I plan on running my scale streamlined Williams cars with scale height Lionel cars, but that are short.  As for heavyweights, the Madisons and scale Lionel cars really don't look that good.

 

On the other hand, I have 2-tone grey heavyweights from Lionel, K-Line and Williams... All scale size, with each having a different white striping pattern and different grays...

 

oh well... Looks like I'll have to run 3 separate trains!

 

Thanks,

Mario.

To answer the last portion of your post, yes, the real railroads ran cars of various lengths.  RPO and Bagage cars were usually shorter than regular passenger cars.  Straight coaches and Pullman cars were in varying lengths. Some dining cars were a single car where as others were a compound/articulated style of car.  Unlike modelers, the railroads were into it for the business.  They ran what they needed to get the job done to meet or excede the bottom line.  Class A passenger trains, when new, sometimes, were a matched set of cars.  What a beautiful train they made and what we as modelers love to have.  Once these trains had lost their lusture, they started getting mixed in with other variations and moved on down the roster until they were turned into company service cars or scrapped.  If you are not a scaler, then run what you want, the way you want, when you want and enjoy the prides of your fleet.

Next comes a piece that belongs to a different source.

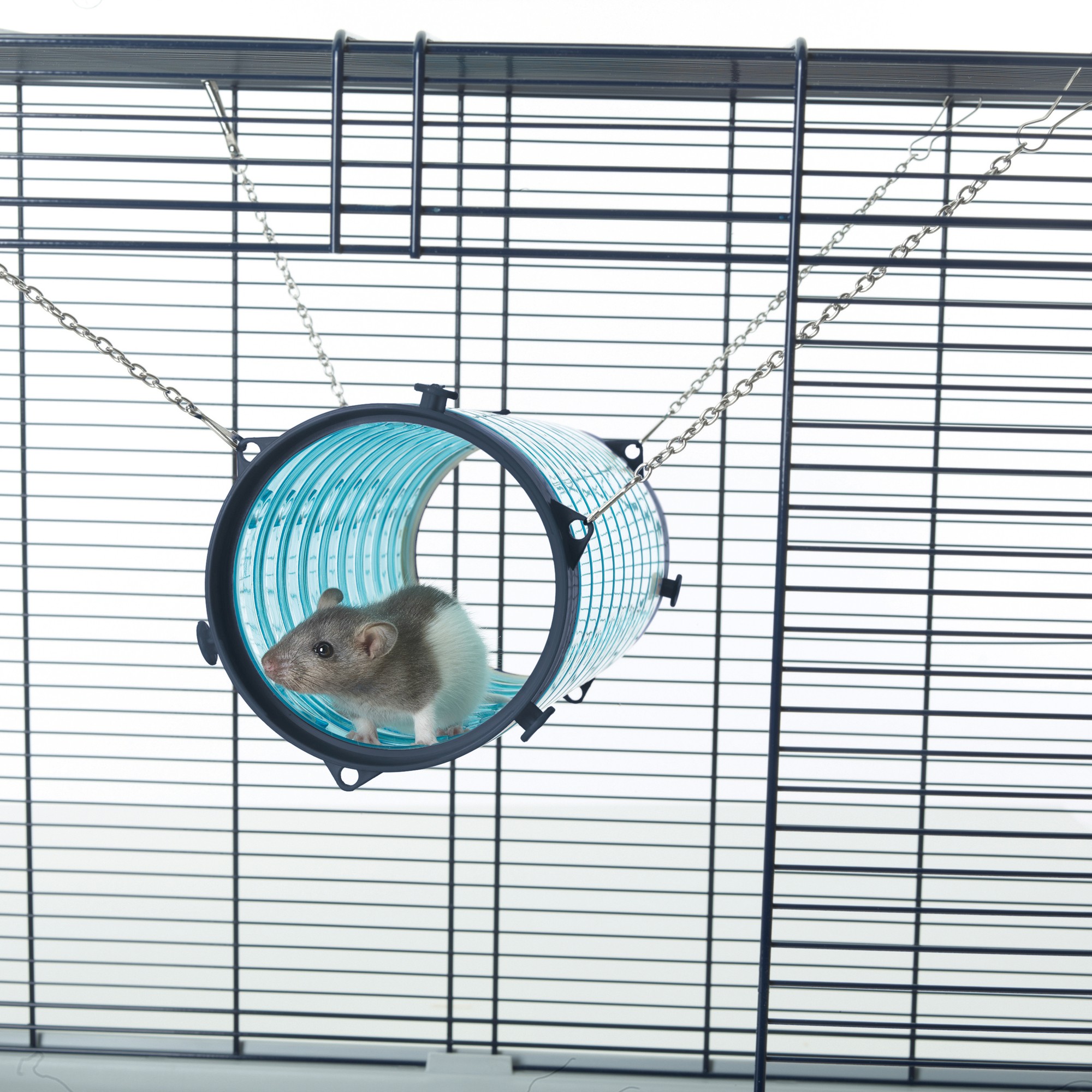 Savic Tunnel pour Rats et Furets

In the days of railroad owned passenger trains, the railroads did mix up car lengths within a trains.  In fact, many baggage, RPO and other "head end" cars were often shorter because they carried heavy materials.  Passenger cars had no danger of weight overloads because they were all built to handle X number of passengers and some hand carried baggage, so they could be 82' to 85' in length.  Most passenger cars, in the days of steel and then lightweight cars, were built anywhere from 60" to as much as 85' in length and the railroads ran them together as needed.

 

Paul Fischer

This is kind of like the other question posted about mixed trains....the railroads, as

posted above, ran what was handy and would get the job done, most cost effectively.  What I would like to see is a photo of a prototypical train running those really short headend cars (RPOS's?, 20-40') the SP rostered, and have been done in brass in O scale....with longer cars.  I think one was run on the Virginia and Truckee, too?  I think another road ran a really short lightweight headend car? I believe the

SP's were roundroof heavyweights.

Hi.  Thanks everyone for the interesting and varied responses.  I've come to the conclusion that it isn't so much the mixing of different scale length cars as it is the limitations of my own layout.  If you have a 7-car passenger train running down the long side of a 20' x 30' layout varied car lengths probably don't seem at all out of place, whereas on a small layout like my 8 x 12, the perspecgtive just looks a little more forced.  The cars themselves "jump out" more...they don't have the opportunity to blend into the scenery and background so much.  So any difference in length, say between 15 inch cars and 18 inch cars, will seem greatly magnified.

 

At least that's my own unscientific opinion!!    Again, thanks for your thoughts.